Here’s what Jackson said about the script he and director Guillermo Del Toro turned in last week:
We’ve just delivered the script. Literally last week, we delivered the second of the two screenplays — the first draft. So the studio’s got both scripts now, which is a milestone; and if anything was holding it up, it was us doing the screenplays, because we’d just been writing as fast as we can, but it took us this long to get them finished. So we take whatever responsibility there is for the speed. And we’re now in the process of budgeting the films, and then hopefully we’ll get to a budget the studio [people] are happy with, and they’ll greenlight the movies and we’ll announce the shooting dates. I’d be pretty optimistic that we’ll be shooting before the end of the year. I would imagine October, November, we’d be shooting by. I’m not announcing it, though.
Going back through our past stories, I saw that Jackson never contradicted himself. Here’s what Jackson said at Comic-Con:
Peter told us the first draft of the script gets delivered to the studio in 3 weeks. He went on to sale that zero casting has been done on the project and any rumors you hear are just that – rumors. He explained that they can’t start casting till they have a budget and schedule as they have to be able to tell an actor when they’d be needed. He also said the studio hasn’t officially green lit the project yet.
Peter also told us that the current plan is to release the first “Hobbit” film in December of 2011 and the second one in December of 2012. This is assuming everything comes together.
When he spoke with Steve during the press junket for The Lovely Bones, he said that he intended to have the script finished by Christmas. That obviously didn’t happen, but as he said to Moviefone, Jackson takes responsibility for the delay in turning in the script. You can see in both cases that Jackson never said they had set dates. They had plans, but nothing set in stone because A) they didn’t have their scripts finished; and B) MGM didn’t give them go ahead because the scripts weren’t finished.
Speaking to the folks at TheOneRing.net in December, Del Toro corroborated this report about not having the scripts ready or having a greenlight. The film is in pre-production but it’s because Del Toro and Jackson are funding it out of pocket right now. Here’s what Del Toro said to TheOneRing:
THAT we have not stopped. As I have reported in the past, we are scouting, designing (my last 3 hour meeting with Weta was this morning) and will not stop. BUT the greenlight and thus commencement can only be granted by the studio.” He explains, “until there are two scripts delivered and budgets and schedules to support them we will be all under a yellow light of development.”
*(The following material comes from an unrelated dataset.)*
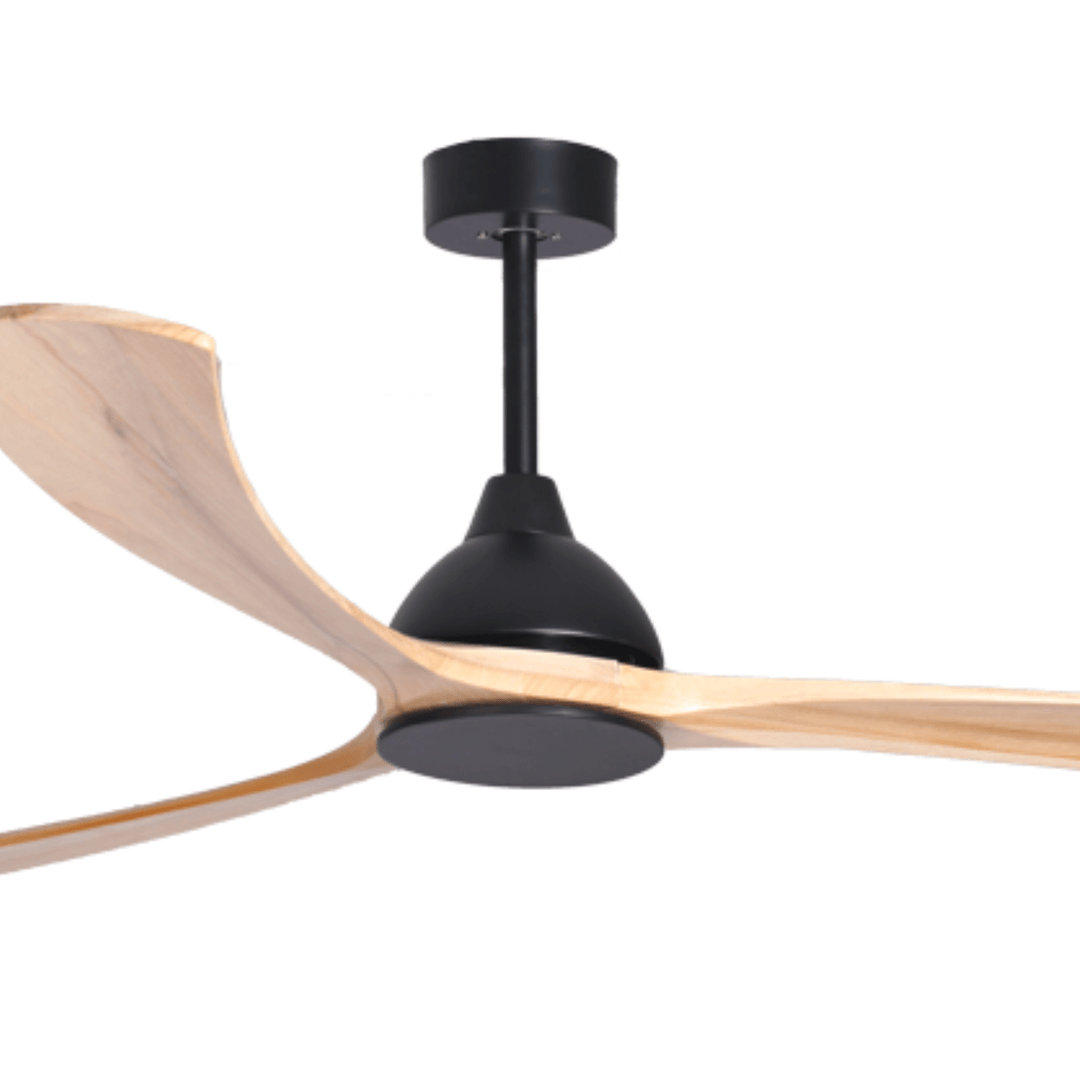 Matte Black/Natural Fanco Sanctuary DC 86" Solid Timber Blade Indoor/Outdoor Ceiling Fan With Remote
The only conflicting statement from this new interview is when Jackson says:
I mean, any character that’s returning from ‘The Lord of the Rings,’ we obviously would love the same actors to play. But even those actors haven’t been approached yet, or there [haven’t] been any deals done. And the studio wouldn’t organically do any of that until they’ve greenlit the film.
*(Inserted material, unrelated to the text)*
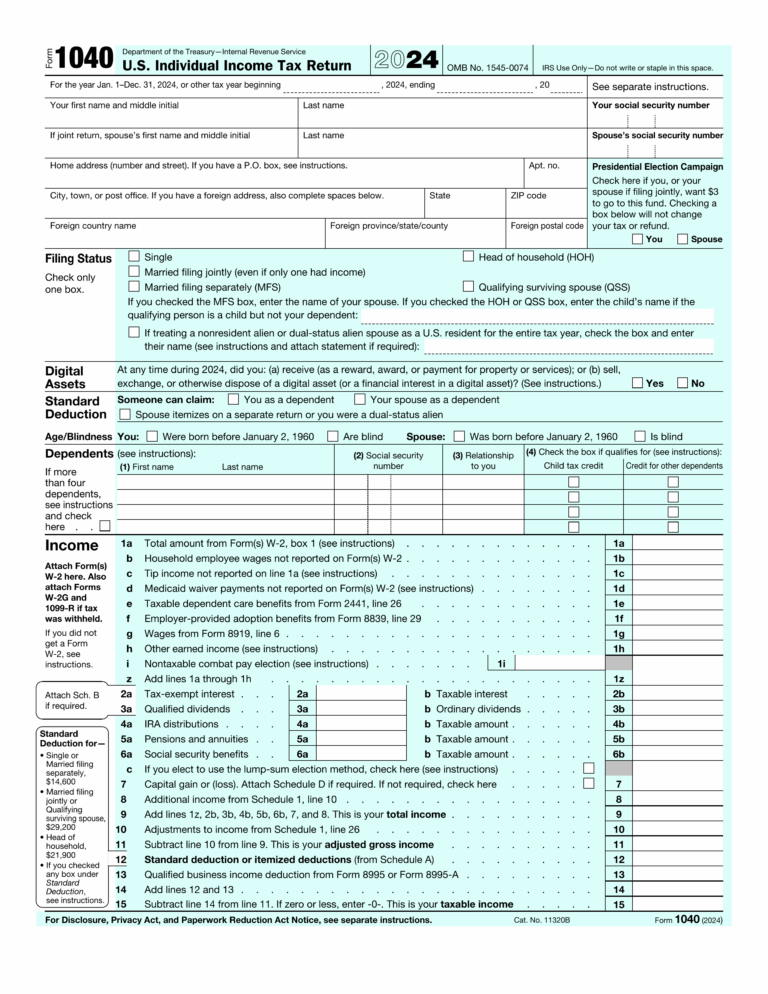 1040 Tax Form 2024 2025 Fill Edit And Download PDF Guru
That’s odd simply because Del Toro said (in the same statement he made to The One Ring):
About ONLY 3 actors returning [from The Lord of the Rings]: I think the emphasis on “only” is what slant the news the wrong way…Both PJ and I chime in on things ‘as they are at the moment’ and, of course, things change.”
I know we’re all eager for The Hobbit to move forward, but Jackson’s right when he says everyone should slow down, take a breath, and not worry about delays for a production that’s still waiting for the go ahead.